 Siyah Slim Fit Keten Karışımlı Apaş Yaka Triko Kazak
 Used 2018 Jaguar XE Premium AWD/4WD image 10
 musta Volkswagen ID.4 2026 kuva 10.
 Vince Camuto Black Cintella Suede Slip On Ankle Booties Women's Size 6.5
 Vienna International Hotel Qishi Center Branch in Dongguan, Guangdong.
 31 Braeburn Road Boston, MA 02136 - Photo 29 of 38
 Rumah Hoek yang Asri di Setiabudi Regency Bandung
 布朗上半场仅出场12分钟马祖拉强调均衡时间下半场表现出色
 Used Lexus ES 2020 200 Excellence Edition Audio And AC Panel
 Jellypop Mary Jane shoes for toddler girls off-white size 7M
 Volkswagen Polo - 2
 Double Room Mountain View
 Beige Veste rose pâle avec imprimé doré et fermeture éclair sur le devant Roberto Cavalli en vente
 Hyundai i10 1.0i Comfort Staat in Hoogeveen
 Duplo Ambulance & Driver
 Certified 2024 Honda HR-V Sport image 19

====

(YOUR ASSIGNMENT)
The whole listing should be transcribed word for word.

(EXERCISE ANSWER)
 Siyah Slim Fit Keten Karışımlı Apaş Yaka Triko Kazak
 Used 2018 Jaguar XE Premium AWD/4WD image 10
 musta Volkswagen ID.4 2026 kuva 10.
 Vince Camuto Black Cintella Suede Slip On Ankle Booties Women's Size 6.5
 Vienna International Hotel Qishi Center Branch in Dongguan, Guangdong.
 31 Braeburn Road Boston, MA 02136 - Photo 29 of 38
 Rumah Hoek yang Asri di Setiabudi Regency Bandung
 布朗上半场仅出场12分钟马祖拉强调均衡时间下半场表现出色
 Used Lexus ES 2020 200 Excellence Edition Audio And AC Panel
 Jellypop Mary Jane shoes for toddler girls off-white size 7M
 Volkswagen Polo - 2
 Double Room Mountain View
 Beige Veste rose pâle avec imprimé doré et fermeture éclair sur le devant Roberto Cavalli en vente
 Hyundai i10 1.0i Comfort Staat in Hoogeveen
 Duplo Ambulance & Driver
 Certified 2024 Honda HR-V Sport image 19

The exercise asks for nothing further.